Volgens het CAS komt bij meer dan 20% van de landbouwgrond in China vervuiling voor van zware metalen, wat per jaar voor consumptie een gemiddeld verlies van tien miljoen ton graan tot gevolg heeft.
De onderzoekers hopen nu de verontreinigde velden te kunnen ontsmetten met behulp van planten uit de samengestelde lijst. De gifstoffen kunnen na "oogst"veilig worden vernietigd. Voordat het onderzoek werd ingesteld was al bekend dat er over de wereld honderden planten voorkomen die in staat zijn om vervuilde stoffen te absorberen.

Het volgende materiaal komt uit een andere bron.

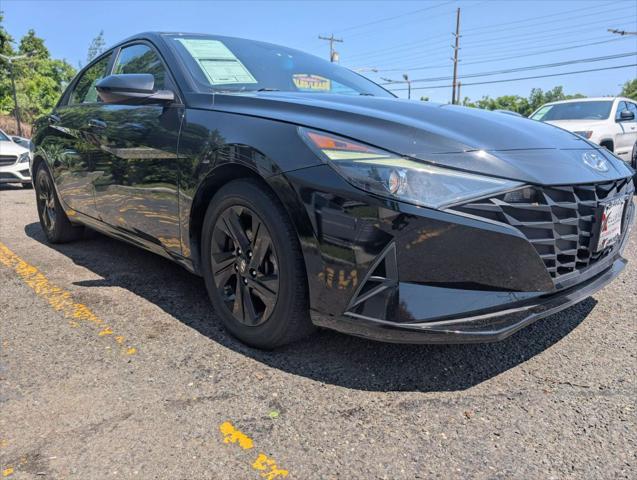 Photo of 2021 Black Hyundai ELANTRA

Daarbij was China buiten beschouwing gelaten en niemand was bekend welke  in China voorkomende planten het kon betreffen aldus Chen Tongbin, hoofd onderzoeksteam, van het Instituut voor Geografisch Wetenschap en  Natuurlijk Bronnen Onderzoek (IGSNRR). 

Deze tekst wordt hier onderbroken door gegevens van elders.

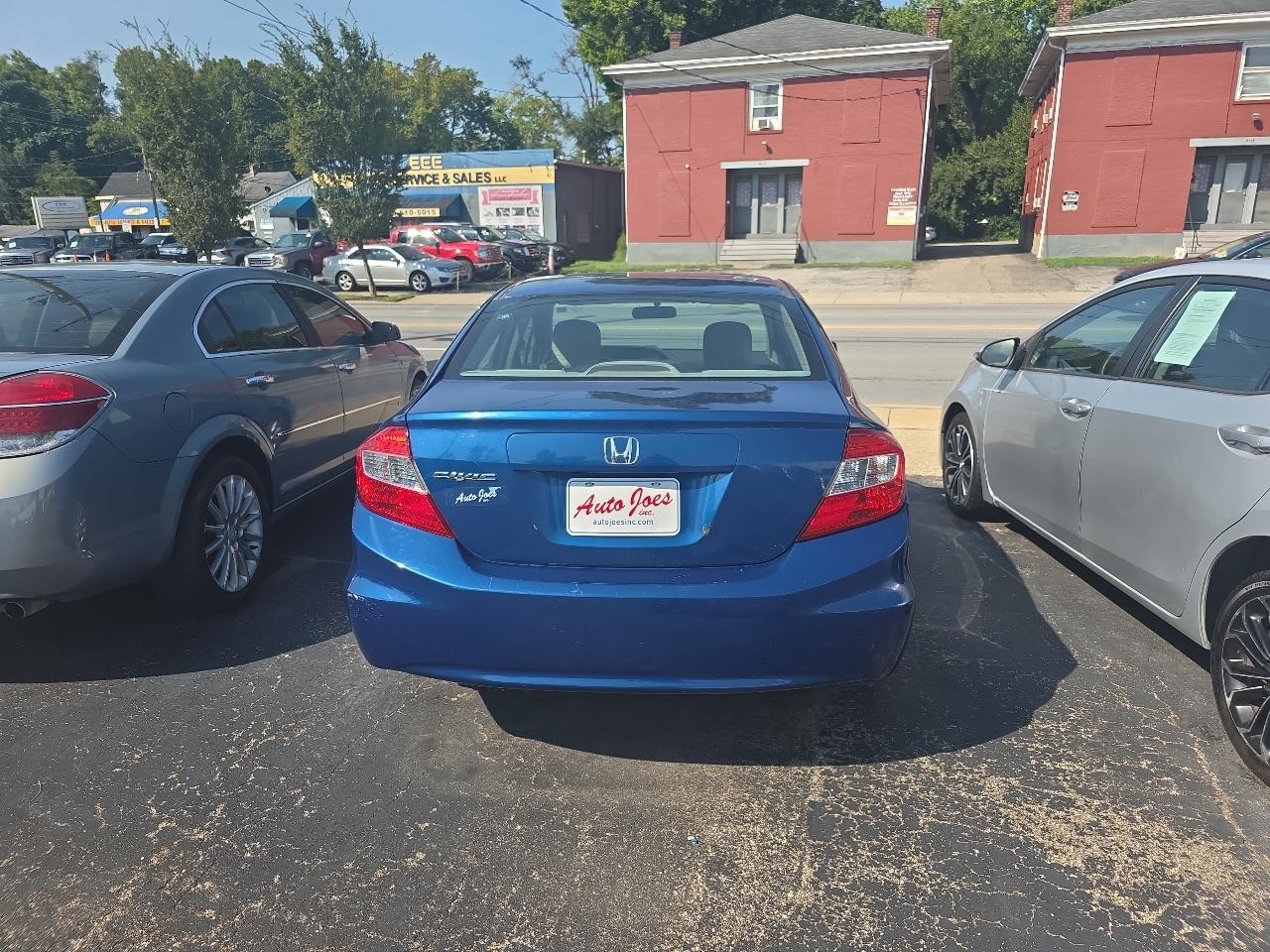 Honda Civic LX Sedan 5-Speed AT 2012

In die afgelopen 5 jaar heeft Chen's team duizenden plantensoorten op deze eigenschap gescreend en vervolgens methodes ontwikkeld en beproefd voor het veilig verwerken van de planten na toepassing.
Volgens Lei Mei van de IGSNRR is er een geavanceerde techniek ontwikkeld voor de verwerking van planten met een hoog gehalte aan zware metalen om herhaalde vervuiling te voorkomen. Daarnaast levert deze methode een besparing op van meer dan 90% ten opzichte van het gebruik van chemicaliën bij het schonen van de grond. Wellicht is het in de toekomst mogelijk om andere planten genetisch te modificeren waardoor het bruikbaar aantal planten voor verschillende biotopen kan toenemen.